In the book "Numbers" by Ebbinghaus et. al, the Natural numbers are defined as:
The natural numbers form a set $\mathbb N$, containing a distinguished element $0$, called zero, together with a successor function $S:\mathbb N \to \mathbb N$, of $\mathbb N$ into itself, which satisfies the following axioms:
(S1) $S$ is injective,
(S2) $0 \notin S(\mathbb N)$,
(S3) If a subset $M \subset \mathbb N$ contains zero and is mapped into itself by $ S $, then $M = \mathbb N$.
Does this definition puts any strict requirement that only $0$ can be starting element?
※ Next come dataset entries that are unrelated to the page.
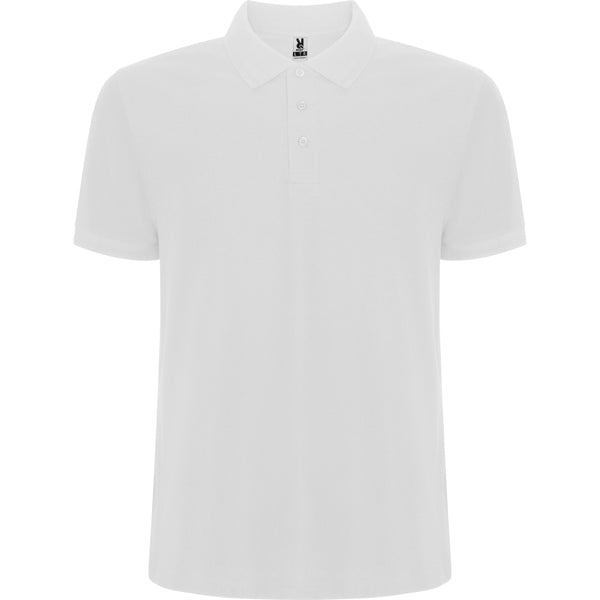 
Tricou polo pentru bărbați cu mânecă scurtă Roly PEGASO PREMIUM 6609
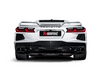 Akrapovic Titanium Exhaust For 2020+ Chevrolet Corvette Stingray C8 - S-CO/TI/3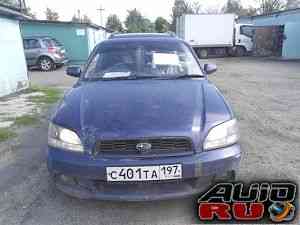 Subaru Legacy, 2002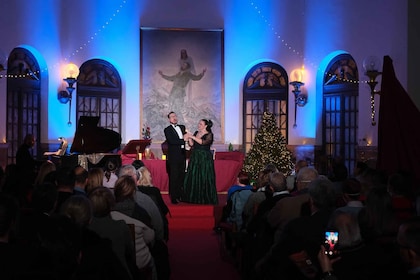 Opera Concert with Welcome Drink in Verona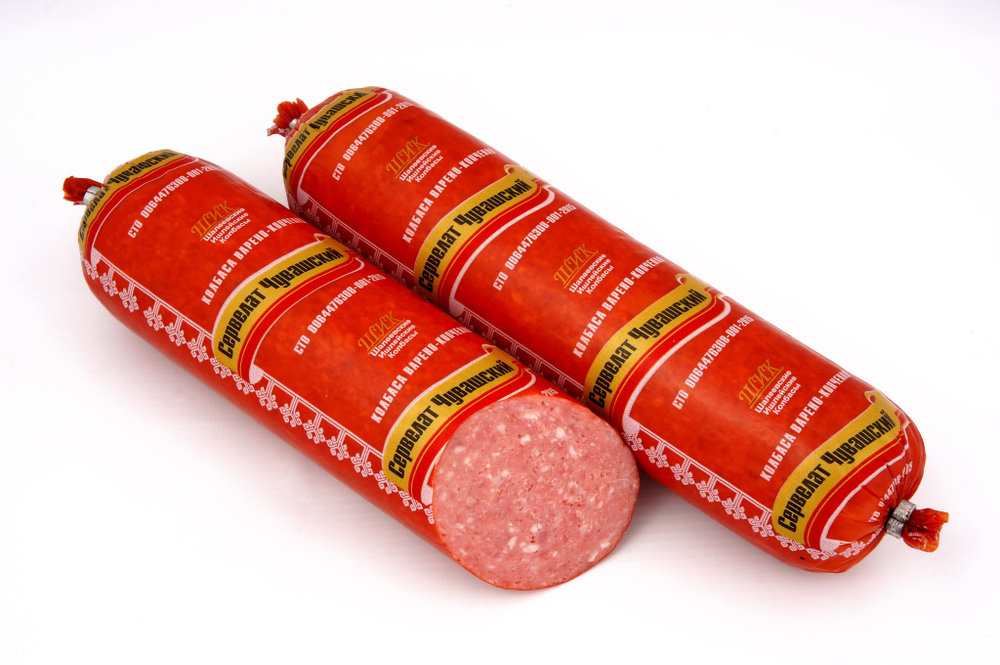 Сервелат Чувашский(100гр)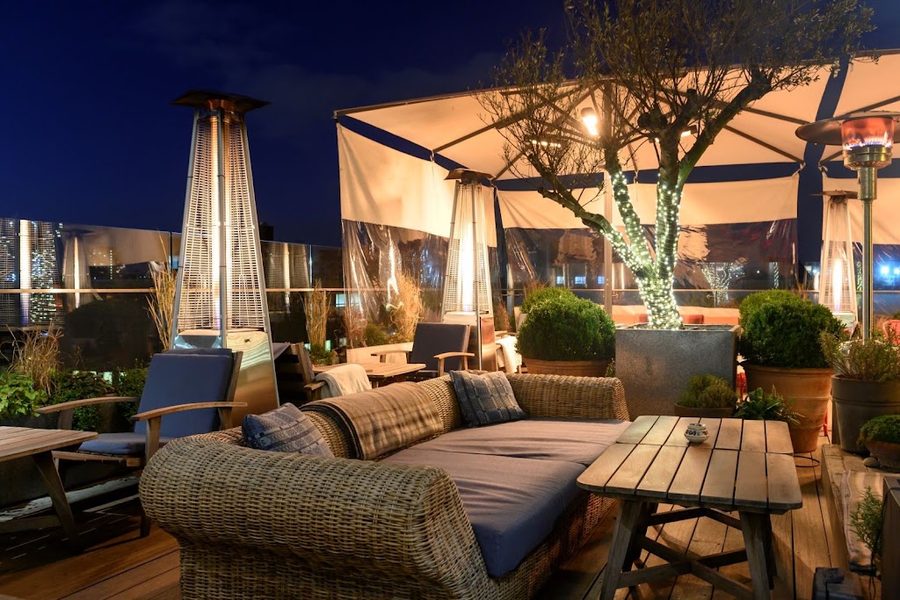 Shoreditch House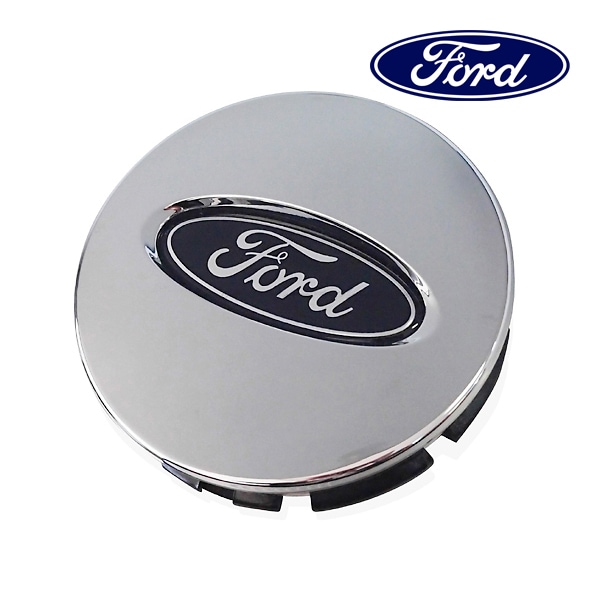 フォード純正 ホイールセンターキャップ クローム BB5Z1130B FORD 02y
In other words, does (S2) excludes any possibility of another starting element, say $w_0 \notin S(\mathbb N)$? If it was strict requirement, I think the author would have explicitly mentioned something like :(S2) only $0 \notin \mathbb N$
Also, as (S1) says $S$ is just injective (and not surjective), so there can be some other elements outside of range of $S(\mathbb N)$ similar to $0$.
The reason I ask, as if there exists such element $w_0 \notin S(\mathbb N)$, we can have a chain of elements in sequence $ w_0 \to w_1 \to w_2 $ and so on with starting element $w_0$ independent of the one with the $0$ (zero). Then, there can be two different sets, $M_1$ and $M_2$ for S(3), where $M_1$ include $w_0$ and $M_2$ doesn't, but both still include $0$.
then, $M_1 = \mathbb N$
and also, $M_2 = \mathbb N$
giving two different sets for $\mathbb N$ with different sizes, which seems wrong to me.
Can you please let me know what I understood wrong here?
Suppose that $\mathbb N$ contains an element $w_0$ like you describe, that is, $w_0 \neq 0$ yet $w_0$ is not the successor of any element. Then consider the set $\mathbb N \setminus \{w_0\}$. Clearly this set contains 0. And it is also mapped into itself by $S$, since by assumption $w_0$ is not the successor of any element. It follows by (S3) that $\mathbb N \setminus \{w_0\} = \mathbb N$. But this is a contradiction. So no such element $w_0$ exists.
More informally, consider the set $$ \{0, S(0), S(S(0)), S(S(S(0))), \ldots\}. $$ This set satisfies the requirements of (S3), and therefore it is precisely this set that is $\mathbb N$, and there cannot be any other elements.